Go through the listing and set it down exactly, leaving out its pictures.

+ + +

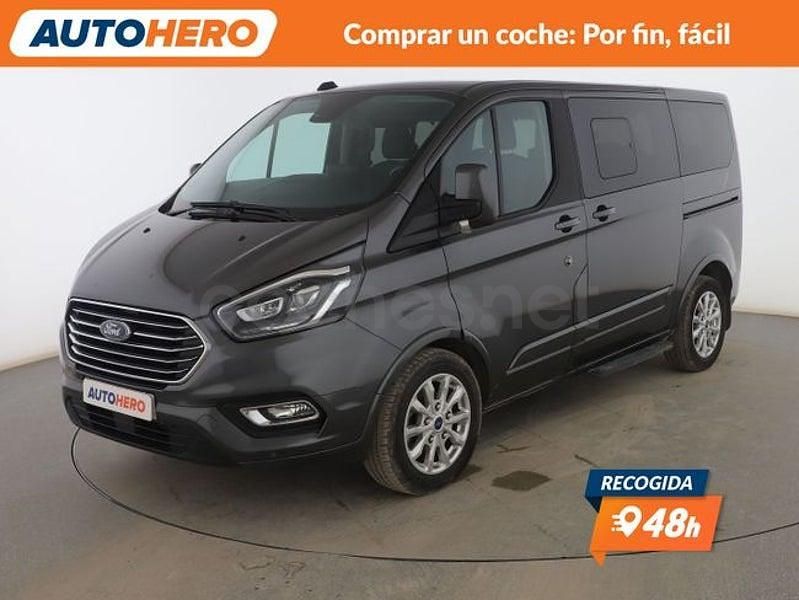 Usado Ford Tourneo Titanium 130 CV (95 kW) 2022 Gris / plata Monovolumen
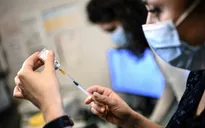 Bang New York, Florida điều chỉnh độ tuổi được tiêm phòng vaccine COVID-19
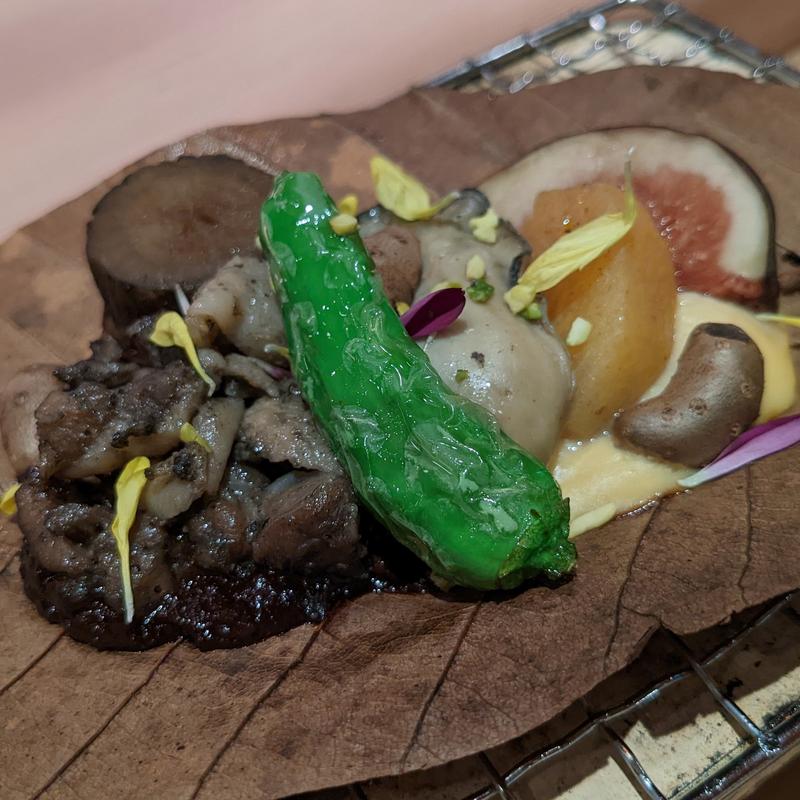 地鶏・牡蠣の朴葉焼き(おぶね )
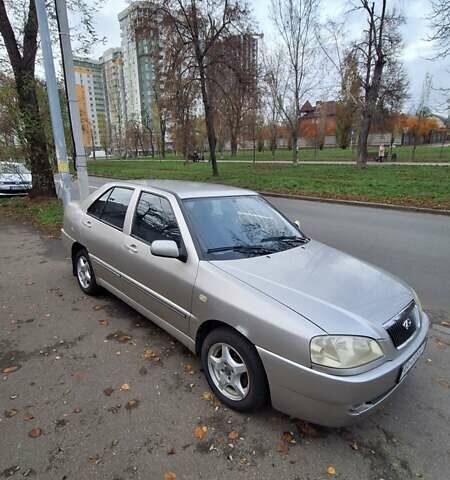 Сірий Чері Амулет, об'ємом двигуна 1.6 л та пробігом 85 тис. км за 2000 $, фото 6 на Automoto.ua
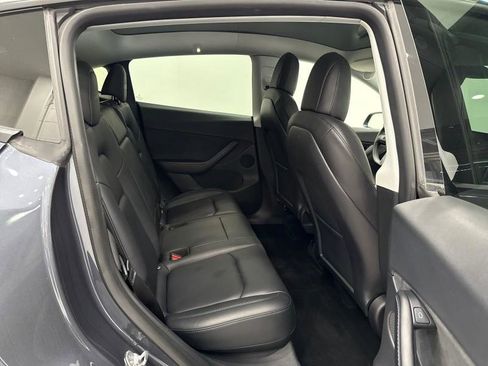 Used 2022 Tesla Model Y Long Range image 38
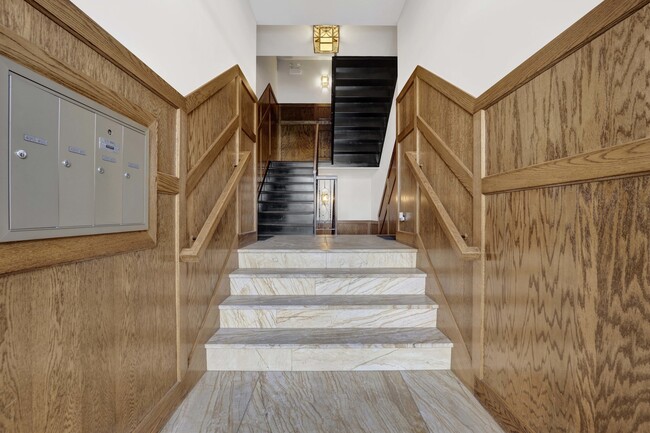 Photo - 4911 S Calumet Ave Unit 1N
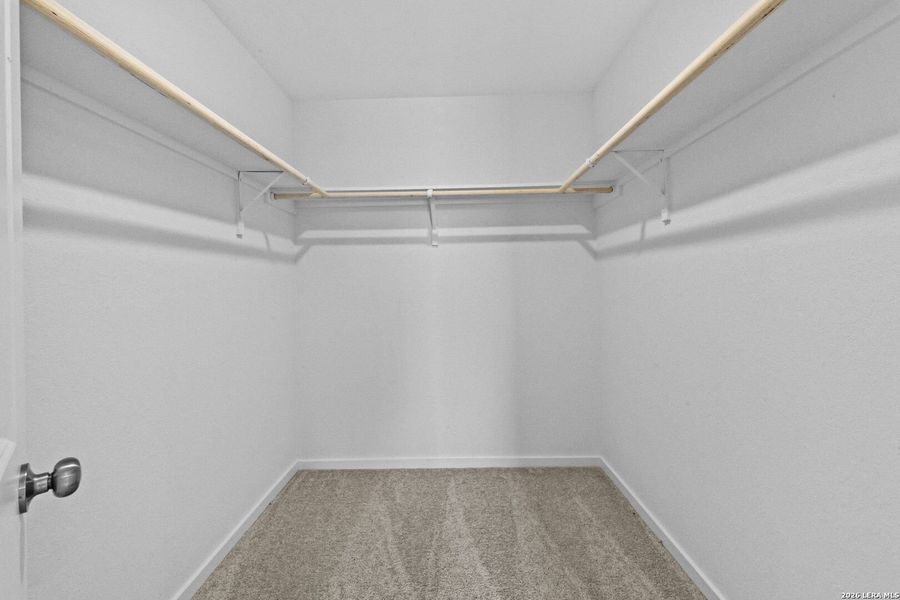 Spacious, unfurnished interior of a new home in Spring Grove, St. Hedwig (Image 16).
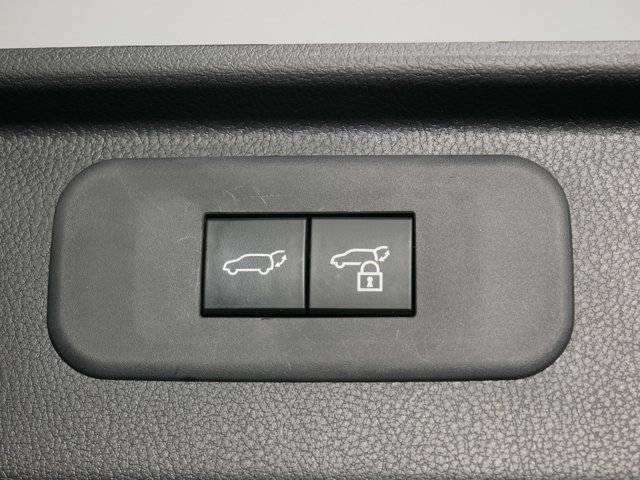 Used 2024 Wind Chill Pearl Toyota XLE image 16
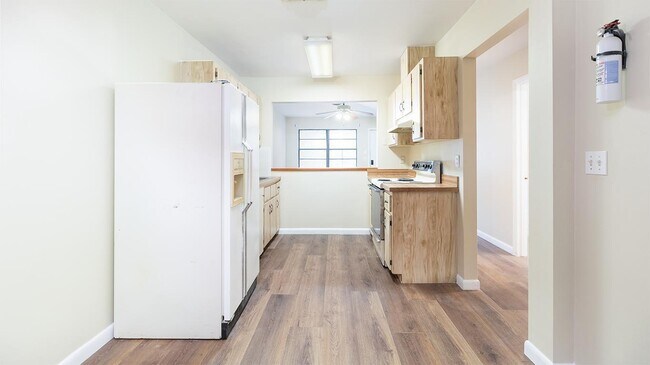 Building Photo - 604 Roselyn Ave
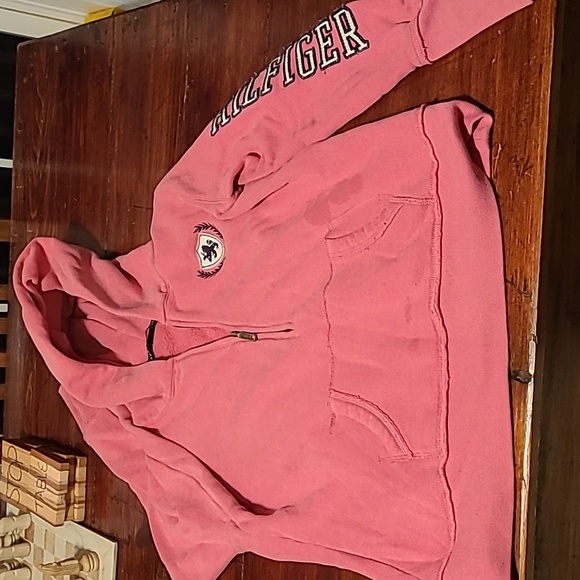 Tommy Hilfiger hoodie. One large pocket in front. Goid condition - Picture 6 of 8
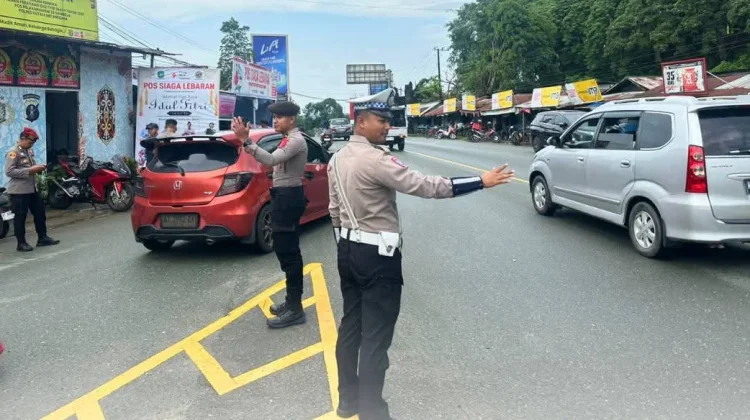 Samapta Polres Kukar Gelar Operasi Keselamatan  di Titik Rawan Macet Tenggarong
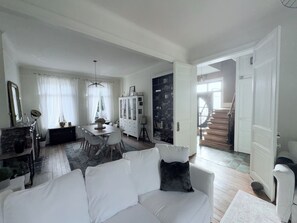 Télévision, cheminée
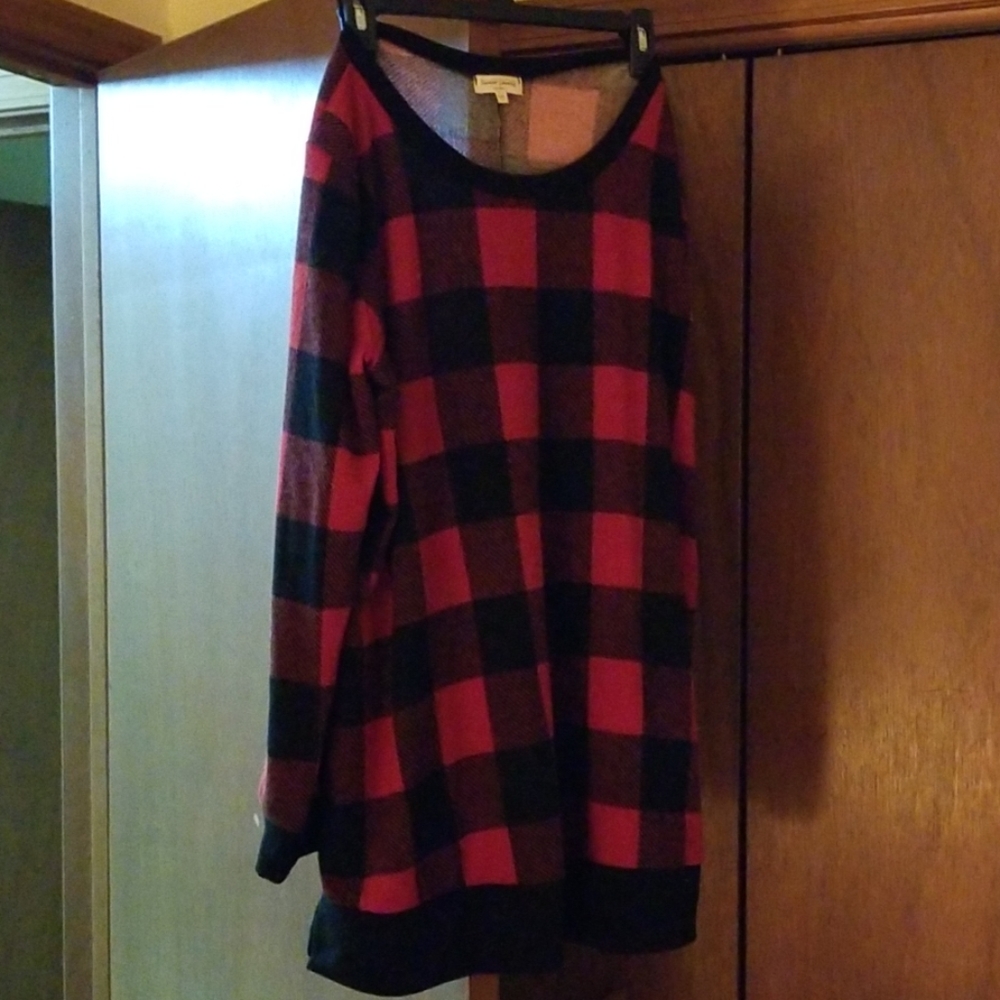 Plaid long sleeve sweater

+ + +

The completed task
 Usado Ford Tourneo Titanium 130 CV (95 kW) 2022 Gris / plata Monovolumen
 Bang New York, Florida điều chỉnh độ tuổi được tiêm phòng vaccine COVID-19
 地鶏・牡蠣の朴葉焼き(おぶね )
 Сірий Чері Амулет, об'ємом двигуна 1.6 л та пробігом 85 тис. км за 2000 $, фото 6 на Automoto.ua
 Used 2022 Tesla Model Y Long Range image 38
 Photo - 4911 S Calumet Ave Unit 1N
 Spacious, unfurnished interior of a new home in Spring Grove, St. Hedwig (Image 16).
 Used 2024 Wind Chill Pearl Toyota XLE image 16
 Building Photo - 604 Roselyn Ave
 Tommy Hilfiger hoodie. One large pocket in front. Goid condition - Picture 6 of 8
 Samapta Polres Kukar Gelar Operasi Keselamatan  di Titik Rawan Macet Tenggarong
 Télévision, cheminée
 Plaid long sleeve sweater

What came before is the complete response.